Josh Rhodes, co-owner of Molly Malone's

Thursday's fire caused $300,000 damage, and now the question is whether the restaurant and bar, a community cornerstone, or Coffee Exchange, which had to be torn down overnight because of structural damage, will reopen.

Rhodes is going to wait and see.   

"We were happy to be here. We’ve been here two years," said Rhodes. "It’s a big loss to the community.  It’s a tight-knit group around here.”

Rhodes stood in a hole in the wall where the entrance to a party room used to be. The fire and Coffee Exchange demolition destroyed the party room. There is heavy water and smoke damage throughout the restaurant and bar. The basement filled with water.

“We are fully insured,” Rhodes said.  “I know the Coffee Exchange was insured, but the two tenants upstairs, I don’t believe they have insurance.  So they’re looking at a significant loss."

Officials said the fire started in one of the second-floor apartments and spread to the Coffee Exchange on the first floor.

Nobody was hurt, but Molly Malone’s is closed for now, idling 25 to 30 employees.

“Revolution Rotisserie Grill has offered to hire on any employees they can,” Rhodes said. “The community is trying to support us,  so it’s nice.”  

Reopening depends on insurance adjusters and whether health department and building inspections determine the front of the building can be restored.

“You think about a lot of life’s work that went into this place,” Rhodes said.  “We’ve all invested a lot and are still on the line financially. We’ll try to figure that out and do what’s right for us and the company.”  

Sarah Peters, owner of Coffee Exchange, didn’t want to go on camera, but she said she is thankful for the community support she has received. She said it's too early to tell what her future will be.

Investigators have not determined what caused the fire.

Two other nearby businesses were spared any damage, and owners are thanking the Cincinnati Fire Department for containing the flames.

Jeff Hoffman was sweeping debris from the Queen City Comic and Card Co. It’s right next to the space the Coffee Exchange occupied.
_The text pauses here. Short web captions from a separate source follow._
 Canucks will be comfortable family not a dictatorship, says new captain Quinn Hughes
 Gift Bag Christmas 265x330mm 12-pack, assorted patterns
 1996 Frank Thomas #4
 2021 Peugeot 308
"There’s a little damage to the outside of the roof — the eaves that hang over on that side of the building," said Hoffman,  "but from everything we’ve seen inside - from the basement to the apartments upstairs -there’s no damage."
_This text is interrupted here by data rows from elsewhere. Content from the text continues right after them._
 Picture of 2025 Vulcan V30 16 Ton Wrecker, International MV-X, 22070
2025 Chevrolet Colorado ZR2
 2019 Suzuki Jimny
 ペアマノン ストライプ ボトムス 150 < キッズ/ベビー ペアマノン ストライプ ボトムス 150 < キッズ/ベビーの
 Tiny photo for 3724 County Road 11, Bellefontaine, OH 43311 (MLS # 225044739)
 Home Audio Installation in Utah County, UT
Hoffman stayed inside as the fire burned just feet away. His entire livelihood consists of paper and books and easily burnable items. But not a single drop of water got into the building.
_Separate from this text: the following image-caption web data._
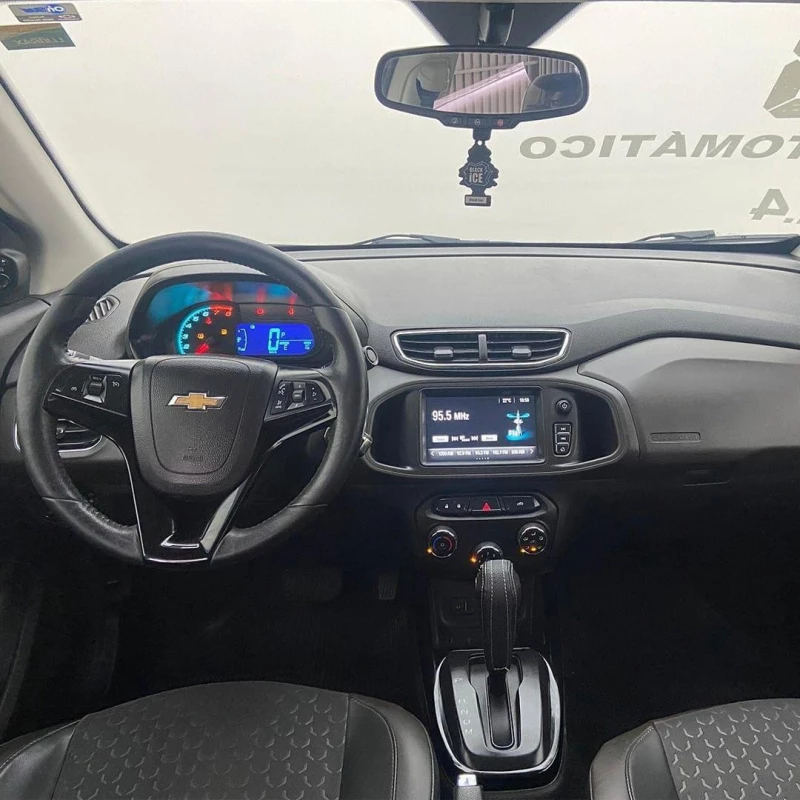 Foto 9: CHEVROLET PRISMA 1.4AT LTZ 2018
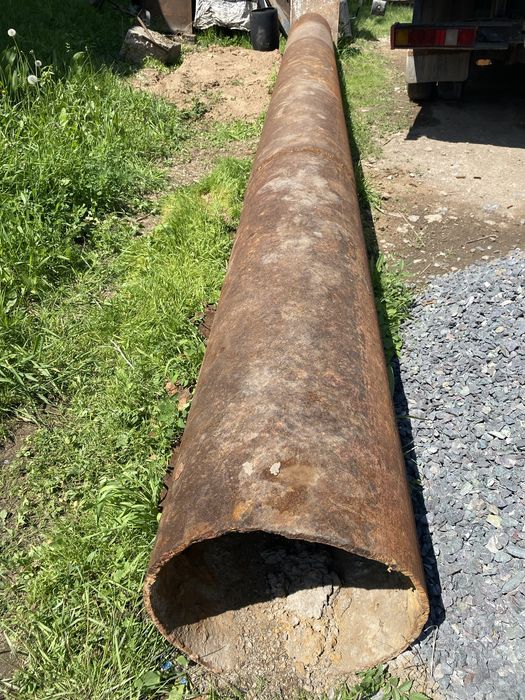 Труба диаметром 440 мм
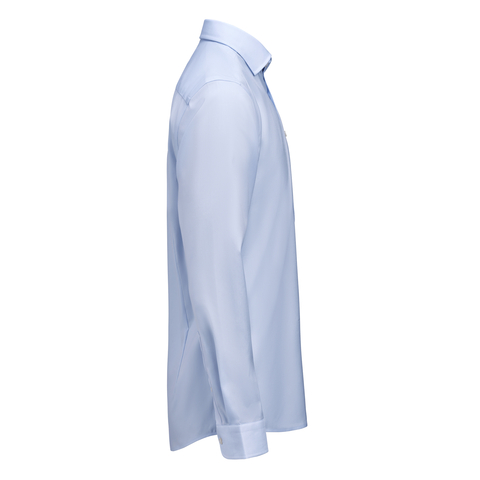 J. HARVEST & FROST GB02 Twill Stretch Regular Fit Skjorte - Herre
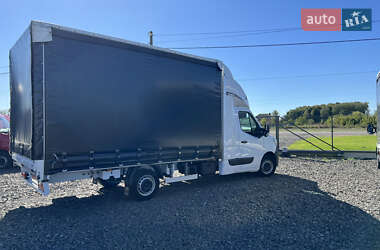 Тентованый Renault Master 2021 в 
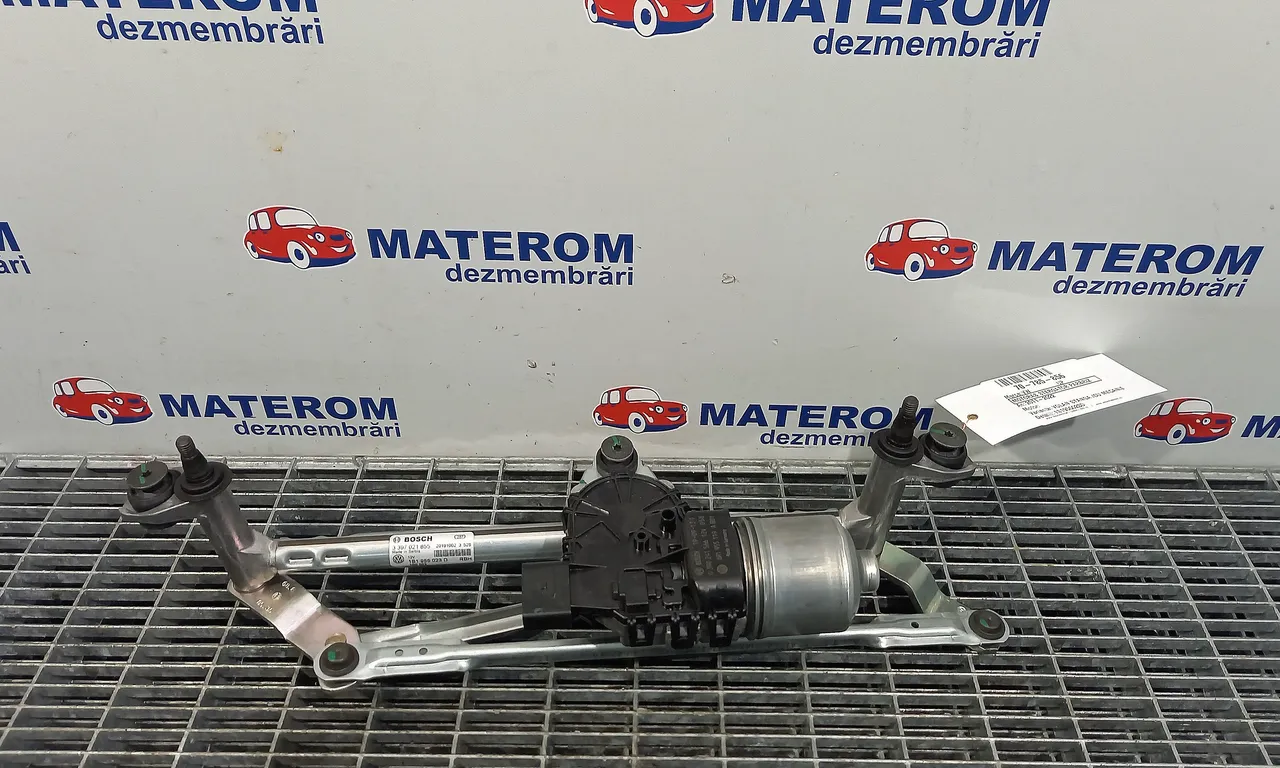 MOTORAS STERGATOR PARBRIZ VOLKSWAGEN UP! 2011-2016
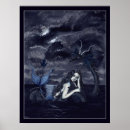 Zoek naar zee draak posters Blauw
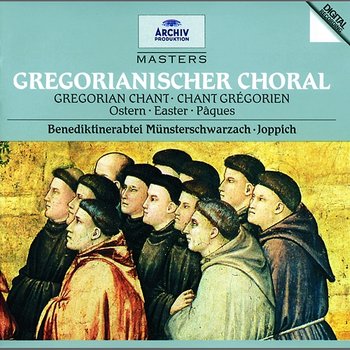 Gregorian Chant: Good Friday; Easter Sunday - Benedictine Abbey Choir of Munsterschwarzach, Pater Godehard Joppich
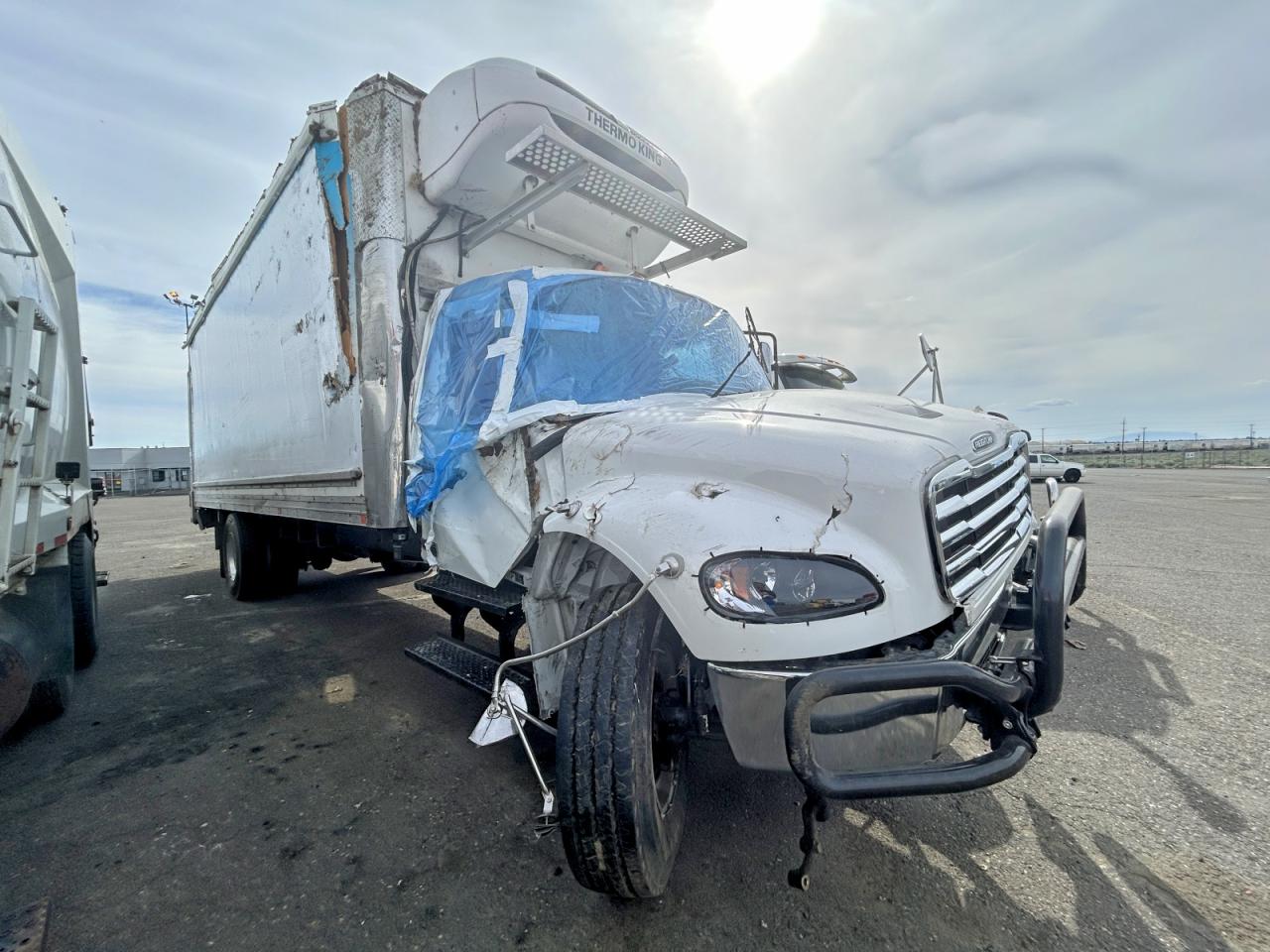 Freightliner M2 Unknown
"I did have a little bit of a smoke smell in here that came in through the part of the wall where the air conditioner is, but we never had any physical smoke," Hoffman said.  "It wasn’t like it got smoky in here or anything like that."

Nearby, workers patched the roof of Architectural Art Glass Studio, which is just 2 feet from the rear of Coffee Exchange. From inside, you could see the sky through a few damaged ceiling tiles.

Owner Richard Duncan knows he was very lucky.

"Actually, we had no fire damage," Duncan said. "We did have some water damage come through the roof.  The firemen had to cut a hole in the roof to make sure we weren’t on fire."

Business owners who weren't affected were quick to help others who needed it.

With power out in the area, Revolution Rotisserie employees walked into Share:Cheesebar and offered to store food for them.

"Revolution actually stored a bunch of product for the neighborhood," said Revolution chef James Owens. "Since our cooler was up and running, we were more than happy to keep their product fresh for them."

"All the owners know each other, so it’s a no brainer to take it where they could fit it in — whoever had power," said Share:Cheesebar manager Kip Dully.

The folks at Everybody’s Records, across the street from the fire scene, said that’s just the way Pleasant Ridge operates.

"It’s like a family," said Harry Lushy.  "The community is a family and everybody rallies to help everybody else."

Owens agreed.

"I’ve been in this business 15 years and it’s awesome," Owens said.  "It’s great that something so terrible can bring some neat things."